De heer Bogaarts oppert de mogelijkheid van een informatieve
bespreking met de Bejaardenbond.
De voorzitter vindt het een zeer eenvoudige en voor de hand
liggende zaak dat men naar de bejaarden toegaat ai uitleg
geeft van wat men van plan is. Het stichtingsbestuur kan
echter op het ogenblik en in dit stadium nog niets zeggen.
Het fiat van de Raad en de goedkeuring van heren Gedeputeerde
Staten moet nog verkregen worden. Allemaal werk dat gedaan
moet worden, vóórdat er iets te zeggen valt.
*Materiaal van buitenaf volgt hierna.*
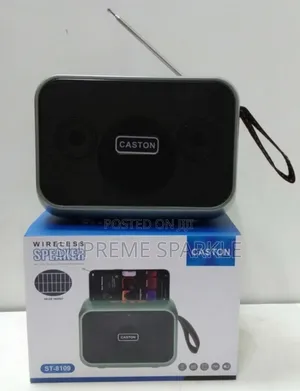 Caston St-8109 Portable Wireless Bluetooth Speaker. Radio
De heer Bogaarts vindt het een vreemde figuur, dat de heer
Beerendonk,die in Fijnaart woont, bestuurslid van de Stichting
is.
De voorzitter zegt, dat met opzet aansluiting is gezocht bij
de katholieke groepering Fijnaart-Noordhoek. De heer Beerendonk
doet het als voorzitter voortreffelijk.
De heer van Tilburg zegt het op prijs te stellen, dat het
bejaardencentrum er zal komen, maar is verder van dezelfde
gedachte als de heer Bogaarts.
Hij zou het prettig gevonden hebben dat tot de bejaarden van
Noordhoek en Standdaarbuiten, pm. 220 personen, waar het dan
toch eigenlijk voor bestemd is en die het toch ook moeten
bevolken, enige toenadering was geweest.